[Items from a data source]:
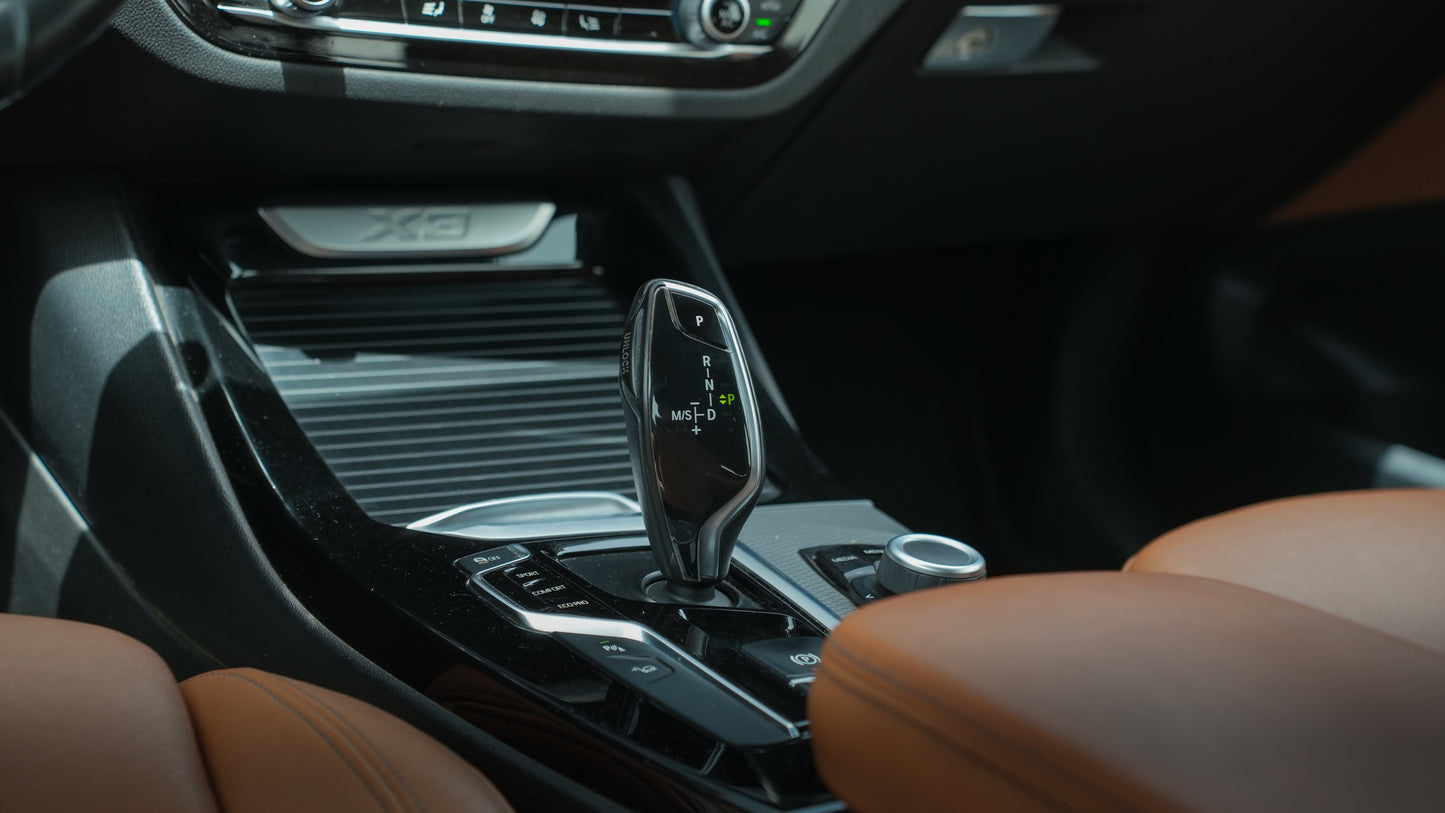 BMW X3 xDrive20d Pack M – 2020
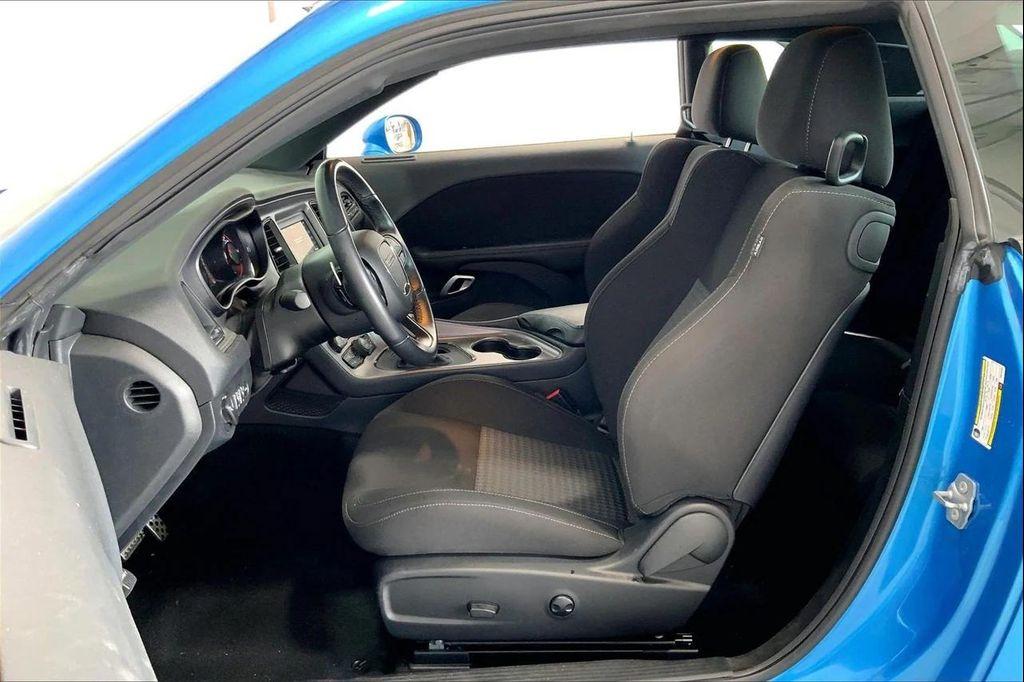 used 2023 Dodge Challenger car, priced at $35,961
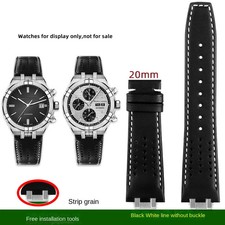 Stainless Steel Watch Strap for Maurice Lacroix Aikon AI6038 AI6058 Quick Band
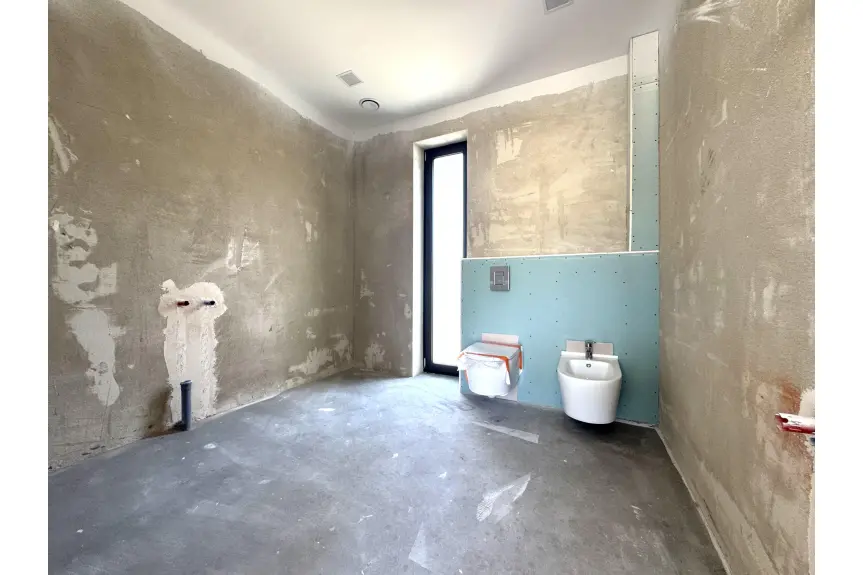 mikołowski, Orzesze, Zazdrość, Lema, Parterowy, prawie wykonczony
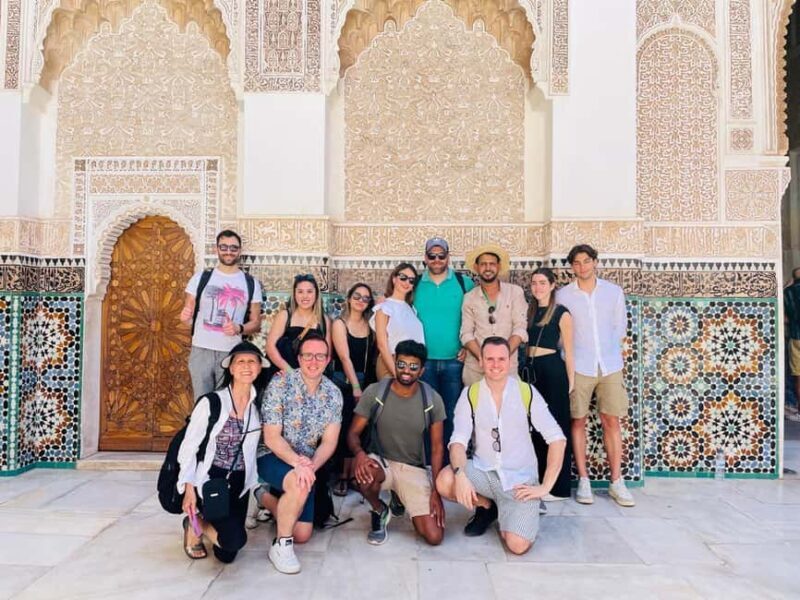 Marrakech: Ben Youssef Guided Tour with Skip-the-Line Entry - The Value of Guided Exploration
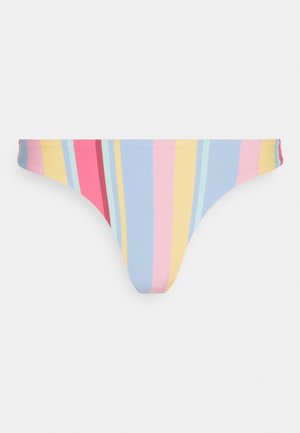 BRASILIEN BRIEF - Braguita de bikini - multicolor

[WORK TO COMPLETE]:
Please output only the lines running from the one that holds "used 2023 Dodge" through the last line of the entries, both ends included, without any images.

[FINAL ANSWER]:
 used 2023 Dodge Challenger car, priced at $35,961
 Stainless Steel Watch Strap for Maurice Lacroix Aikon AI6038 AI6058 Quick Band
 mikołowski, Orzesze, Zazdrość, Lema, Parterowy, prawie wykonczony
 Marrakech: Ben Youssef Guided Tour with Skip-the-Line Entry - The Value of Guided Exploration
 BRASILIEN BRIEF - Braguita de bikini - multicolor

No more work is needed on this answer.